Goals of Assignment 2
Increase Familiarity with Definitions of Descriptive Statistics
Increase Familiarity with Statistical Methods
Increase Familiarity with Computer Programs
Part 1
Methods: Range, mean, median, mode, kurtosis, skewness, and standard deviation were defined by the author, in his own words. Data supplied by Dr. Ryan Weichelt was used to hand calculate a standard deviation for two sets of data: the first standard deviation was calculated using a sample of student's standardized test scores from Eau Claire North High School and the other standard deviation was calculated using a sample of student's standardized test scores from Eau Claire Memorial. Microsoft Excel was then used to calculate the range, mean, median, mode, kurtosis, skewness, and standard deviation for the Eau Claire North and Eau Claire Memorial data samples. These results were then used to answer the following question; "Should Eau Claire North teachers worry about not having the highest test grade?"
Definitions
Range: The range is the difference between the highest and lowest scores; max score - low score.
Mean: The mean is the calculated average of all observations, found by adding all observations together then dividing by the total number of observations.
Median: The median is the midpoint of the data set; half of the observations fall above and half fall below this point. If the total number of observations is odd, it is simply the middle number in the data set and, if the total number of observations are even, it is the average of the two middle observations.
Mode: The mode is the most frequently occurring data point found in a set of observations.
Kurtosis: Kurtosis (Fig. 1) is the shape of the distribution curve and can be mesokurtic (normal), leptokurtic (peaked), or platykurtic (flat). A value greater than 1 is considered leptokurtic while a value less than -1 is considered platykurtic. Curves that are lepto- or platykurtic have this shape as 68% of the observations one standard deviation above and below the mean have to fit in that area (Fig. 2). Leptokurtic distributions have smaller standard deviations as there are more observations near the mean while platykurtic distributions have larger standard deviation values.
Figure 1: Kurtosis
(http://grants.hhp.coe.uh.edu/doconnor/PEP6305/KurtosisPict.jpg)
Figure 2: Normal Distribution
(http://img.tfd.com/dorland/distribution_normal.jpg)
Skewness: Skewness (Fig. 3) is the measure of the asymmetry of a distribution curve due to a higher-or lower-than-expected number of observations that fall into the positive or negative ends of the curve; if positive there is an extended tail to the positive side (due to more observations that are lower-than-expected) and, if negative (due to more observations that are higher-than-expected), an extended tail to the negative side. A value below 1 and above -1 is considered normal.
Figure 3:Skewness
(https://www.isobudgets.com/wp-content/uploads/2015/10/skewness.jpg)
Standard Deviation: The standard deviation (Fig. 4) is the distribution/distance of scores about/from the mean, found by subtracting the mean from each observation, squaring the result, then finding the square root of the sum of these results after dividing by N or n-1. In this assignment n-1 was used as this is a sample population standard deviation.

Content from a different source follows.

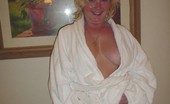 TAC Amateurs Horny Holidays 313938 I Do Enjoy Lounging Around In A Sexxy Bikini And My Wild Hard Brought Me Lots Of Attention But Nothing Beats The Thrill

Figure 4: Sample and Population Standard Deviation Equations
(http://dsearls.org/courses/M120Concepts/ClassNotes/Statistics/StandardDeviation2a.gif)
Hand Calculation
Eau Claire North Test Score Data Hand Calculation
Figure 5: Eau Claire North Data
Eau Claire Memorial Test Score Data Hand Calculation
Figure 6: Eau Claire Memorial Data
Results
Eau Claire North Test Scores
This data suggests that teachers at Eau Claire North have no reason to worry about being fired because their students have lower test scores than students at Eau Claire Memorial. The four descriptive statistics that are best for determining this are the range, median, mean and kurtosis. I chose these for the simple fact that they portray score differences in a manner that is easy to explain to people with little knowledge of descriptive statistics. EC North students have a lower range (83 compared to 91) which shows us that their test scores are less widely dispersed than the EC memorial students scores were; i.e. the lowest score attained by a student at North (111) was closer to the highest score attained by another student at North (194) than the difference between the lowest (107) and highest (198) scores attained at Memorial. This may suggest that the North students taking the test were better prepared at all levels of ability as compared to the students at Memorial. The median was higher at North (164.5) than at Memorial (159.5). This tells us that half of the students at North who took this exam in this sample had a score higher than 164.5 and half had a score lower than 164.5, compared to Memorial's median of 159.5. The mean test scores in this sample show that North, with a 160.92 average, had a higher mean test score than Memorial, at 158.54, did. Kurtosis refers to the shape of the distribution; the shape of the distribution curve based on the sample of test scores at North (-.56) is between -1 and 1 and is normal. The shape of the distribution curve based on the test score samples from Memorial is less than -1 (-1.17) and is considered platykurtic. This flatness of the curve is due a larger standard deviation value (27.16) and reflects the extreme disbursement of scores from the mean; we have less scores near the mean score of (158.54) than we observe based on the sample from North (160.92), i.e. the scores at north were closer to the mean. The students at North, on average, performed better on this standardized test. These statistics show that the teachers and students at North are doing quite well and public perceptions are not only unjustified but probably incorrect. This analysis was done using a sample of test scores from both schools using descriptive statistics; we are describing what we see and can make assumptions about this data but we cannot make any inferences regarding it.
Part 2
Methods: The shapefile used in Assignment 1 was added to a blank map in ArcGIS and a Microsoft Excel spreadsheet, provided by Dr. Ryan Weichelt containing Wisconsin population data by county, was joined to the shapefile based on countyGeo_id. Three spatial statistic analyses were performed: a geographic mean center of Wisconsin (Toolbox/Spatial Statistics/Measuring Geographic Distributions/Mean Center), a weighted mean center of population using 2000 Wisconsin county population data (Toolbox/Spatial Statistics/Measuring Geographic Distributions/Mean Center/Weight/2000), and finally a weighted mean center of population using 2015 Wisconsin county population data (Toolbox/Spatial Statistics/Measuring Geographic Distributions/Mean Center/Weight/2105).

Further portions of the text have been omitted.